We've not been able to introduce it previously purely due to a resource and finance issue. We didn't have either the engineering resources or the budget to be able to take the risk to introduce it and it's only now as Force India that we have everything in place to be able to make it work. In terms of the actual project however, it's been very well done and pushed through, which is in itself a measure of the growing strength of the team.
How does the team prepare for a new event?
Going to new circuits presents a different challenge for the team, but it's an interesting challenge for the engineers as well as the drivers and Valencia in itself will be a fascinating and unique event. In terms of preparation, we obviously look at the track layout and put this into our computer simulations so we have a fair idea of the nature of the circuit. There are some things you can't understand from the computers however, specifically the nature of the tarmac, how the tyres are going to react, whether you can use the kerbs or not, and so on are all unknown quantities until we get to the track. It's a good challenge though and will keep us busy!
Adrian Sutil (car 20)
'Over the summer break I've been training in the mountains and working on my fitness for the second half of the year, which will be tough with the four flyaway races at the end of the season. We had some good races at the same circuits last year and I scored my first point in Fuji, so for sure I am looking forward to these races. As the new events in Valencia and Singapore are street events, and we've had some good races on this type of circuit, I think we have a good chance of getting some good finishes.
'Looking to the next race in Valencia, we will be using the seamless shift gearbox for the first time at a race and hopefully that will give us a few tenths to be able to qualify a bit better. This has got to be the goal for the second half of the year.'
Giancarlo Fisichella (car 21)
'I am looking forward to getting back in the car after the short break. I took some time off to be with my family and do some training, so I feel quite refreshed and ready to tackle the last races of the season, especially as they include some of my favourite tracks - particularly my home race in Monza. My targets for the rest of the season will be to have good reliability, finish all the races and be there if there are opportunities to score points.
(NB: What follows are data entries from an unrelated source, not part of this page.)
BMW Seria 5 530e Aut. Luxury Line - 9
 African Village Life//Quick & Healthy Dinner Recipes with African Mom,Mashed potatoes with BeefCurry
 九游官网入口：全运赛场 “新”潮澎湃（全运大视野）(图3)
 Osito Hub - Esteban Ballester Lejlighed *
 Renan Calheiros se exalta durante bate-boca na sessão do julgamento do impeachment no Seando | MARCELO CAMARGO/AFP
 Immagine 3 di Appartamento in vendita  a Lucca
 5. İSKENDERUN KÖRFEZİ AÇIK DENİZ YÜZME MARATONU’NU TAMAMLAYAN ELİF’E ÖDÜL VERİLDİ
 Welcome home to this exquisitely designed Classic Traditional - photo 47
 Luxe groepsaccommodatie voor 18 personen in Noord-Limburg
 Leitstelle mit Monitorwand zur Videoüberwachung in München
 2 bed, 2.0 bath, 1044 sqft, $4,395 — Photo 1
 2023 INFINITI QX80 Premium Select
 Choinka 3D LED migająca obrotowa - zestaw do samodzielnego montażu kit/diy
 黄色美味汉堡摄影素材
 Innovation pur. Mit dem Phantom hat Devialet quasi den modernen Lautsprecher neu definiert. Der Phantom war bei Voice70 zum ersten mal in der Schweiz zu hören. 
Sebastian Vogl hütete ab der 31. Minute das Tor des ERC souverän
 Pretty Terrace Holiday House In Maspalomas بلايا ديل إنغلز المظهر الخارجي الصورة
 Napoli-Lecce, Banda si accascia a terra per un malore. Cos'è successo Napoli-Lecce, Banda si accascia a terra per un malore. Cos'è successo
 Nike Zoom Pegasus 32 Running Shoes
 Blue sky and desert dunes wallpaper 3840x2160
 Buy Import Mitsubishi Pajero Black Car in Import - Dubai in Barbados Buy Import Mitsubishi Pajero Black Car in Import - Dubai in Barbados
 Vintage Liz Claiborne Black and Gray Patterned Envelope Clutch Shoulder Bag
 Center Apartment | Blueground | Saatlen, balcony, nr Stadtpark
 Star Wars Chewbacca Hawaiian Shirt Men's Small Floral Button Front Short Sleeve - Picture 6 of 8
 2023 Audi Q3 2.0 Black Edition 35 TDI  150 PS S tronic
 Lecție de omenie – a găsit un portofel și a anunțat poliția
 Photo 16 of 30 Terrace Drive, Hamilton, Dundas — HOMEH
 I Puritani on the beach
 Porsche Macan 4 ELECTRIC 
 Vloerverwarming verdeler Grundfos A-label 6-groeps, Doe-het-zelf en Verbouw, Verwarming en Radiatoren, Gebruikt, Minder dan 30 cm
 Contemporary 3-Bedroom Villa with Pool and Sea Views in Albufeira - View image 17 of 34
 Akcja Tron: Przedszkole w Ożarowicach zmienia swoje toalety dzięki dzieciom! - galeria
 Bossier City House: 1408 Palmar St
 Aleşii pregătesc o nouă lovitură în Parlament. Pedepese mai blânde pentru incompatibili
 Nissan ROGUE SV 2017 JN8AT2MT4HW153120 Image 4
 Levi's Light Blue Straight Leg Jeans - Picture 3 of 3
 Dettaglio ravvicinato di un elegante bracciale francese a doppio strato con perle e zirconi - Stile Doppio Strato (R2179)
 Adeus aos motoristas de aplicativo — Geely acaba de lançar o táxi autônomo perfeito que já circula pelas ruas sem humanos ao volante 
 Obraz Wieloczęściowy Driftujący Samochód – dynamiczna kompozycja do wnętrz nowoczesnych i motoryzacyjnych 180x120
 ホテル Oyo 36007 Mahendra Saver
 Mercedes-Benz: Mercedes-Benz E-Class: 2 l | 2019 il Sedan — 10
'Valencia is a completely new track for everyone and a good challenge. It looks very fast, particularly for a street circuit, and I've heard it is sold out so the atmosphere will be good. I am pleased we will be able to actually race the new seamless shift gearbox now. We've been having some good fights so far, particularly with Honda, and with the gearbox worth a couple of tenths per lap this may just move us in front - the field is so close now that any new developments will move us closer.'
European Grand Prix information
Although Spain is no stranger to motorsport, for the first time in its history, the city of Valencia will host a round of the FIA Formula One World Championship. The vibrant city, set on the shores of the Mediterranean, has long been undergoing intensive regeneration, and the race is the latest step in the city's programme.
The circuit will be run around the marina area of the city, which was used for the 2007 edition of the America's Cup sailing competition. The pit and paddock complex will back onto the waterfront, a setting reminiscent of the Monaco Grand Prix. Although the city's relatively narrow streets will be used, some of the track will pass over bridges and roadways in the marina district.
At 5.473km long, lap times are expected to be around the 1min 36 mark with an average of around 200kph, a top speed of almost 320kph and a minimum of 95kph. With 25 corners in various turn combinations, including long straights, flowing curves, right angles and wide hairpins it's not the typical tight street circuit, and overtaking could be possible. With the guardrails however close to the circuit, any mistake could spell the end of the race.